Cricket is a bit of a strange game. A few hours back yesterday, the New Zealand men’s cricket team toppled Virat Kohli’s highly rated Indian side to take the 3-match ODI series by an impressive margin of 3-nil. Not that this was entirely surprising, New Zealand are, after all, a strong limited-overs side. But the utterly one-sided manner in which the hosts upset the Indians- who, only days back had whitewashed Williamson’s men in the T20s- was surprising.
A few hours earlier on February 12, the Indian women, who at one point were cruising at 115 for 3 in their pursuit of 156 in the Women’s tri-series final (at Australia) were bowled out for 144.
Just last week, Pakistan’s 16-year-old pacer Naseem Shah, with hardly any experience under his belt clinched a hat-trick against the touring Bangladesh side. In so doing, he became the youngest Test bowler to ever do so when experienced legends of the game like a Brett Lee, Shoaib Akhtar, Zaheer Khan, Glenn McGrath didn’t manage something that exquisite. Such is the nature of the game that the notion of “expecting the unexpected” seems a reality ever-more capable of taking us by a complete surprise.

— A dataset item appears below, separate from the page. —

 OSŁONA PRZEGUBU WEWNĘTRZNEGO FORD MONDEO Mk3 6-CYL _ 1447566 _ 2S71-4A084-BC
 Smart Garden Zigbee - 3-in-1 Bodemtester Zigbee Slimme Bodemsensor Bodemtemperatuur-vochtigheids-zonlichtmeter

One such surprise happened earlier today on February 12, 2020, when the usually buzzing and high-octane Tribhuvan University International Cricket ground was home to a scoreboard that read USA 35 all out.
But really? USA 35 all-out? How did this even happen, one might be compelled to ask? Truth be told, there are low scores. There are pitiable low scores and then there are the likes that suggest- USA 35 all out.

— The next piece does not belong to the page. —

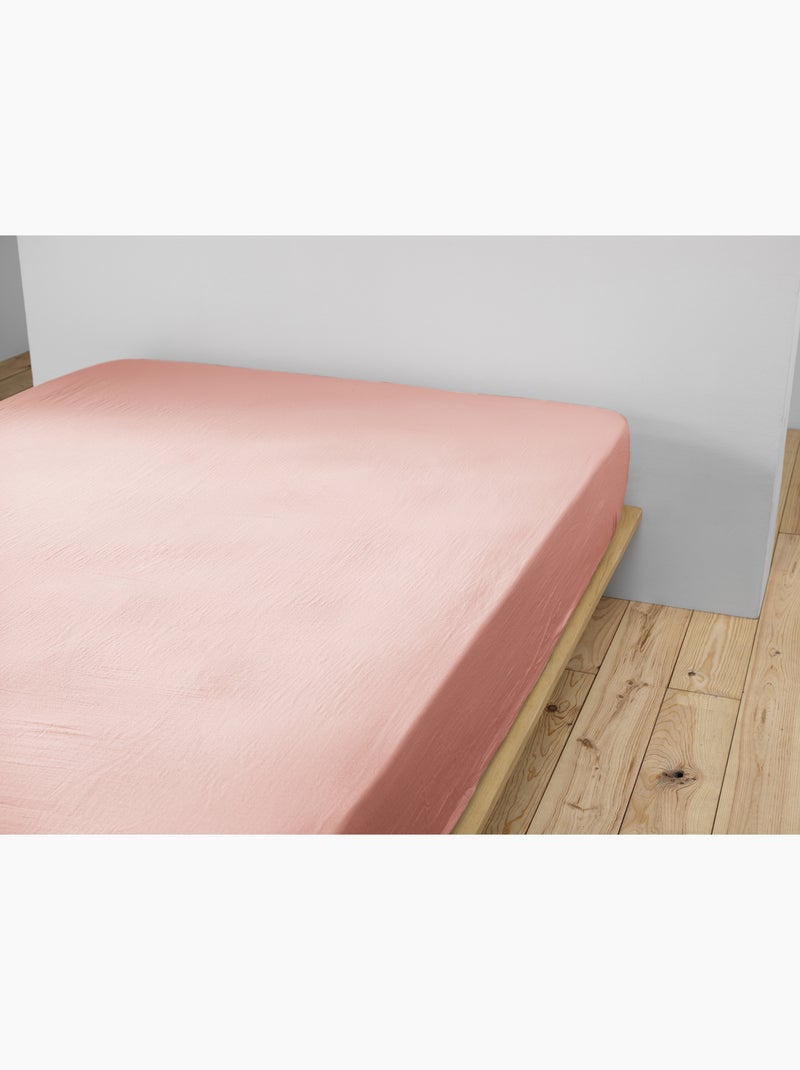 Pack drap housse + 2 taies d’oreiller double gaze de coton gaïa Peche - Kiabi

For else, one doesn’t quite know how else to put it? Apparently, Nepal, hosting the USA for a tri-series, also involving Oman was the epicentre of a contest that was anything but a run-riot for the obvious dearth of runs.
Apparently, top-scoring for the USA side was former West Indian cricketer Xavier Marshall, who was able to make 16. This being a full-fledged 50-over-a-side contest was supposed to have featured some more runs, one would’ve thought.
Instead, when batting first, Nepal reduced the equation to USA 35 all out, the team bundling out in only 12 overs, one realized that the contest was but a formality for the chasing side, among the fastest rising ICC Associate members out there; a team renowned for its fighting instincts.
Leading the charge and denting a big hole in USA’s scoring was the famous Nepalese spinner Sandeep Lamichhane, who took a special, career-best 6 for 16. In reply, while Nepal lost just 2 wickets, they were able to come up trumps inside 6 overs. Former captain Paras Khadka top-scored with a 20 off just 12 balls.
But implicit in the American display- just think for a second about USA 35 all out- was the utter failure of the batsmen to deliver the goods. There were 4 batsmen who were out for a duck while barring Marshall, the other highest-scorer for the side was the wicketkeeping batsman Akshay Homraj (23 years), who was able to make just 4 off 5 balls.
What was rather dismal from the American point of view was that no other batsman barring their opener – Xavier Marshall- was able to register a double-digit score.
Can it get any worse for the USA team?